Теория текста: учебное пособие - Наталья Панченко
Шрифт:
Интервал:
Закладка:
Продукт эвокации – это результат процесса эвокации, т. е. катетеризированный и интерпретированный специальными приемами посредством языковых знаков (знаковых последовательностей) объект эвокации, включенный в текст.
Целостным продуктом эвокации выступает текст как составляющая совокупности текстов, частичным продуктом – эвокационный компонент текста (коммуникативный блок, рассматриваемый в эвокационном аспекте). Эвокационный компонент имеет двоякую обращенность: во-первых, в прошлое – в эвокацонную деятельность, и, во-вторых, в настоящее-будущее – в текст и, шире, в коммуникацию. В этом аспекте эвокационный компонент характеризуется дополнительными субстанциональными и функциональными преобразованиями, которые осуществляются специальными приемами как способами сведения объекта и средства эвокации в ее продукт, создаваемый под воздействием целого текста. Брачное объявление как продукт эвокации содержит четыре обязательных компонента: самопрезентативный, селективный, интерактивный, прогностический при факультативных: трансжанровом, прецедентном, иконическом.

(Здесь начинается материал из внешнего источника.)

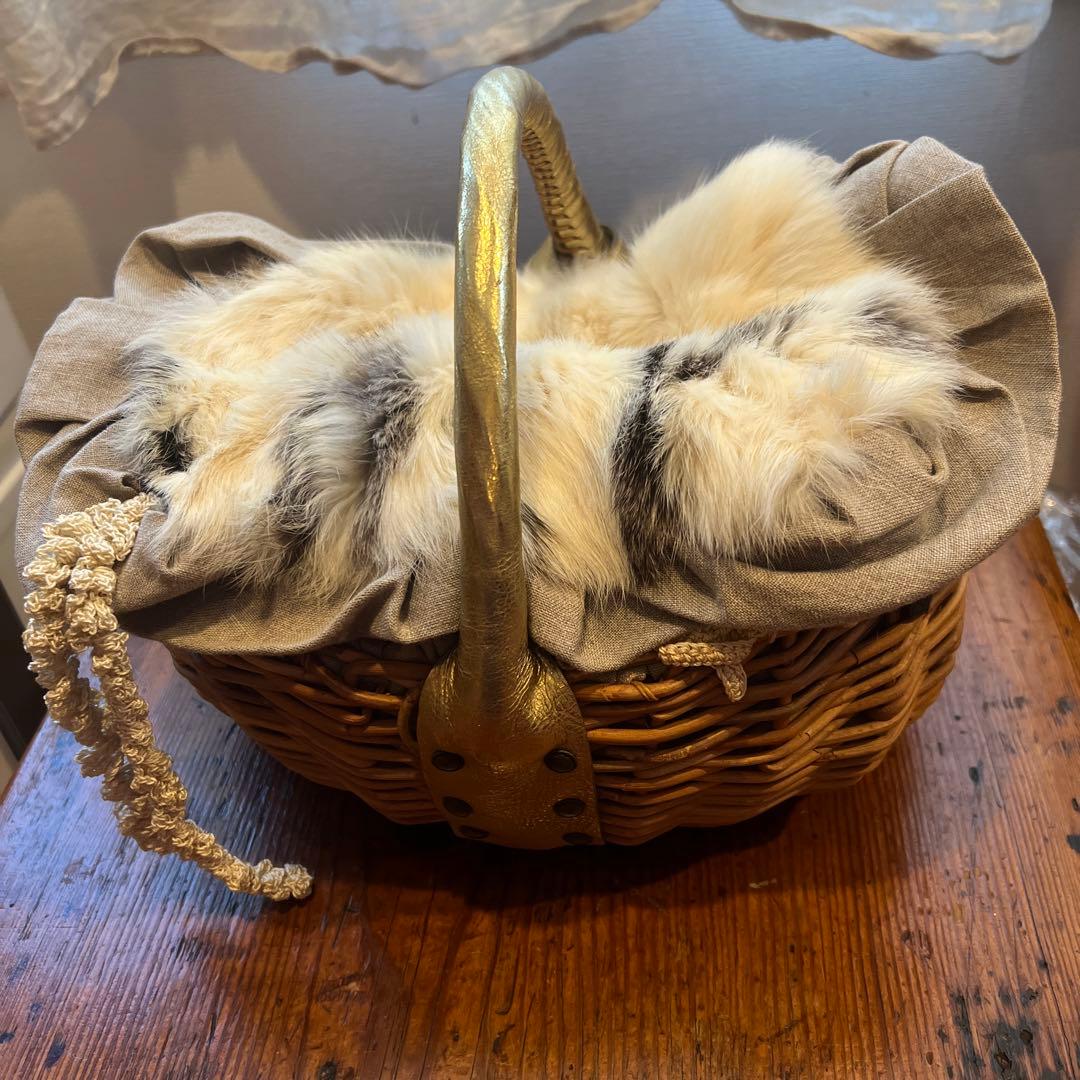 エバゴスカゴバッグ@a66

Процесс эвокации – взаимодействие непроцессуальных компонентов эвокационной деятельности, связанное с реализацией говорящим / слушающим потребности-мотива. Процесс эвокации определяется некоторыми общими принципами и факторами. В основе взаимодействия непроцессуальных компонентов лежат два принципа: адекватности и активности. Принцип адекватности устанавливает, что продукт эвокации, конструируемый из средств эвокации, соответствует объекту эвокации; принцип активности, раскрывая преобразовательный характер этого взаимодействия, устанавливает, что в процессе эвокации объект субстанционально и функционально преобразуется средствами эвокации. Ср.: «В языке… благодаря всей его структуре делается упор не на определенный вид материальной (или подражающей явлениям) верности, а на реляционную верность воспроизведения» [Бюлер 1993, с. 173]. В случае с брачным объявлением принцип адекватности предполагает, что осложнённая оппозиция по ключевым параметрам соответствует неосложненной оппозиции. Активность языка проявляется в активности стандартных средств брачного объявления и контрарно-дифференцирующей активности лингвистических концептов брачного объявления; активность человека – в активности его индивидуальных концептуальных систем.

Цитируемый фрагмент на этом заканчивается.